Laporan Pian
PANGKALPINANG,POSBERNAS — Anggota DPRD Provinsi Kepulauan Bangka Belitung, Narulita Sari, S.E., M.E., angkat bicara terkait kasus memilukan yang terjadi di Kabupaten Bangka, di mana seorang ayah tega melakukan tindakan tidak senonoh terhadap putri kandungnya sendiri.
Narulita menilai, Dinas Pemberdayaan Perempuan, Perlindungan Anak, Pengendalian Penduduk, dan Keluarga Berencana (DP3ACSKB) Provinsi Babel tidak menunjukkan respons cepat atas laporan masyarakat mengenai kasus tersebut.
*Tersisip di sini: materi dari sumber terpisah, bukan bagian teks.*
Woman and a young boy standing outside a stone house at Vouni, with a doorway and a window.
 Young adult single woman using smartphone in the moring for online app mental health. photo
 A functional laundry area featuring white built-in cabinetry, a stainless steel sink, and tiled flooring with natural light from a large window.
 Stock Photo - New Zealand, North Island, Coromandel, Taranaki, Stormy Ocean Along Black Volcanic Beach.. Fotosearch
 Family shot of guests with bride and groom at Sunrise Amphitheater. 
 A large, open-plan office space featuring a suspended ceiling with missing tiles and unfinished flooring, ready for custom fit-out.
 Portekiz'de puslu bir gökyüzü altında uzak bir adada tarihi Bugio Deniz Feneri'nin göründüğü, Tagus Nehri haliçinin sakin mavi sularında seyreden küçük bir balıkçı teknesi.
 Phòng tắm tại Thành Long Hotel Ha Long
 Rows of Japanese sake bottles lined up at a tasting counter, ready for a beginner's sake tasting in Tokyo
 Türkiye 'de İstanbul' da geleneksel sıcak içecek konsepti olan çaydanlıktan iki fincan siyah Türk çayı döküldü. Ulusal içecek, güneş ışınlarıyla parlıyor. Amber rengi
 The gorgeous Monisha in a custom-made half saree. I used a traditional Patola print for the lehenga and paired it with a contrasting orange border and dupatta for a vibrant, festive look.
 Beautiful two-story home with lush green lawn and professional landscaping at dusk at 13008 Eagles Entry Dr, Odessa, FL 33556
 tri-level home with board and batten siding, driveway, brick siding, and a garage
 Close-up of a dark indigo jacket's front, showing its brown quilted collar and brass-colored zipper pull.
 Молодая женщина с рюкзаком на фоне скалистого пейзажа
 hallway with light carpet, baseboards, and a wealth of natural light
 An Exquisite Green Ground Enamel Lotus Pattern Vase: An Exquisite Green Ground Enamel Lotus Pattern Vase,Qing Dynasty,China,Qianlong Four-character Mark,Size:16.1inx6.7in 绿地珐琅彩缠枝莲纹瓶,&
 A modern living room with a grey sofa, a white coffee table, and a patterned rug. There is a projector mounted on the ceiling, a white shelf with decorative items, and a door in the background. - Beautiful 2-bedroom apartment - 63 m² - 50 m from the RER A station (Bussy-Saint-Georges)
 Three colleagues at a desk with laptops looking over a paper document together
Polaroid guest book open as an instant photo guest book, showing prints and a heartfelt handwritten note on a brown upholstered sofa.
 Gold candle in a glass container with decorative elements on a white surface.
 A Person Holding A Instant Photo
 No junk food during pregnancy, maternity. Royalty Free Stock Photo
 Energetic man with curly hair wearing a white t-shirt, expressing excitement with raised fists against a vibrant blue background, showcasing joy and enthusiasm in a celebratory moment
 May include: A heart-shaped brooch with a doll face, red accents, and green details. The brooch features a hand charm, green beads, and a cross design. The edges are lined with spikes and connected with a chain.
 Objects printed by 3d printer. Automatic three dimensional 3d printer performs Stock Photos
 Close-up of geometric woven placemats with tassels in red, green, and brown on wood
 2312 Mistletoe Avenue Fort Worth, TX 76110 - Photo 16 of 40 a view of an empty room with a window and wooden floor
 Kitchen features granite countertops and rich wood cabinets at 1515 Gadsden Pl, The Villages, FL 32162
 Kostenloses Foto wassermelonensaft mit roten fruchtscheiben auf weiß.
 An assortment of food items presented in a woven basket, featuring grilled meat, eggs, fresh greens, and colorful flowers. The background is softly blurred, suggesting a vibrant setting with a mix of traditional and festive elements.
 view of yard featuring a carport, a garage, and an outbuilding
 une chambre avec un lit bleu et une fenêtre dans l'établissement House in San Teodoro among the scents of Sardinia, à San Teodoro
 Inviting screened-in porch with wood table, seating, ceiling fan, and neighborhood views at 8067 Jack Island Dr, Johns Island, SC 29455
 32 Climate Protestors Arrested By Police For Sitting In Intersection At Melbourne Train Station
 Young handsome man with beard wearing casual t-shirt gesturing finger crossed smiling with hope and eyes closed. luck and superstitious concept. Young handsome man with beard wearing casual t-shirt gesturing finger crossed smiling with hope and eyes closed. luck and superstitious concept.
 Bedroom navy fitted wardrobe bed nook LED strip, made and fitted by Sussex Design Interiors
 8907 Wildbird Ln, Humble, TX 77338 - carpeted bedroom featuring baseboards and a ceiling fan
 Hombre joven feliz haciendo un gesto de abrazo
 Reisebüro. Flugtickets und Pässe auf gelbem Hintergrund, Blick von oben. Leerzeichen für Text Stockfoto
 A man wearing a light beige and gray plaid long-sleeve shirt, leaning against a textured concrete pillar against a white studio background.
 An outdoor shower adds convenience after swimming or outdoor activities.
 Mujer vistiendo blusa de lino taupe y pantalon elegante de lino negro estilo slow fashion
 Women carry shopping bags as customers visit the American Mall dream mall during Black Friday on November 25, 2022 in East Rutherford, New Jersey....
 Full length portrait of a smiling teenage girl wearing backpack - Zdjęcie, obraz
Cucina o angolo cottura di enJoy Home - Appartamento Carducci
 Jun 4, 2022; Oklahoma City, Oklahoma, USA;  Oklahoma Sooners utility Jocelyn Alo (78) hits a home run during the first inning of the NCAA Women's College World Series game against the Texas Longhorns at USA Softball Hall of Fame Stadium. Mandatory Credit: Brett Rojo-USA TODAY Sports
“Dinas Pemberdayaan Perempuan dan Anak Provinsi Kepulauan Bangka Belitung tidak responsif atas aduan masyarakat terkait kejadian pelecehan tersebut,” ujarnya saat ditemui awak media di Pangkalpinang, Selasa (11/11/2025).
Narulita mengungkapkan kekecewaannya karena Kepala Dinas justru melempar tanggung jawab ke tingkat kabupaten, padahal provinsi memiliki kewajiban melakukan koordinasi dan pengawasan meski kewenangan utama berada di daerah.
“Kepala Dinas melempar hal tersebut ke Kabupaten, sedangkan Provinsi wajib melakukan koordinasi dan pengawasan walaupun wewenang ada di kabupaten,” tegasnya.
Legislator dari Fraksi Gerindra ini juga mendorong agar di Bangka Belitung segera dibentuk Komisi Perlindungan Anak Indonesia (KPAI) Daerah, agar masyarakat memiliki wadah resmi untuk melapor dan mendapat perlindungan.
“Saya mendorong terbentuknya KPAI Bangka Belitung supaya masyarakat punya wadah untuk mengadu dan mendapatkan perlindungan, karena tidak bisa berharap dengan Dinas yang tidak responsif,” katanya.
Lebih lanjut, Narulita menekankan pentingnya sinergi antara Pemerintah Provinsi dan Kabupaten/Kota, agar kasus kekerasan terhadap perempuan dan anak tidak lagi ditangani secara sektoral.
“Provinsi dan Kabupaten harus saling berkoordinasi dan komunikasi intens supaya program atau masalah seperti ini bisa selaras untuk pelayanan publik, bukan saling lempar dan berjalan masing-masing,” ujarnya.
Ia juga mengingatkan bahwa masyarakat tidak peduli batas kewenangan administratif. Yang terpenting, kata Narulita, setiap laporan harus segera direspons dan ditindaklanjuti.
“Masyarakat tidak paham wewenang Kabupaten atau Provinsi, tapi dimanapun masyarakat mengadu kita harus tetap respon dan tindak lanjuti ke Kabupaten/Kota sesuai tupoksi,” jelasnya.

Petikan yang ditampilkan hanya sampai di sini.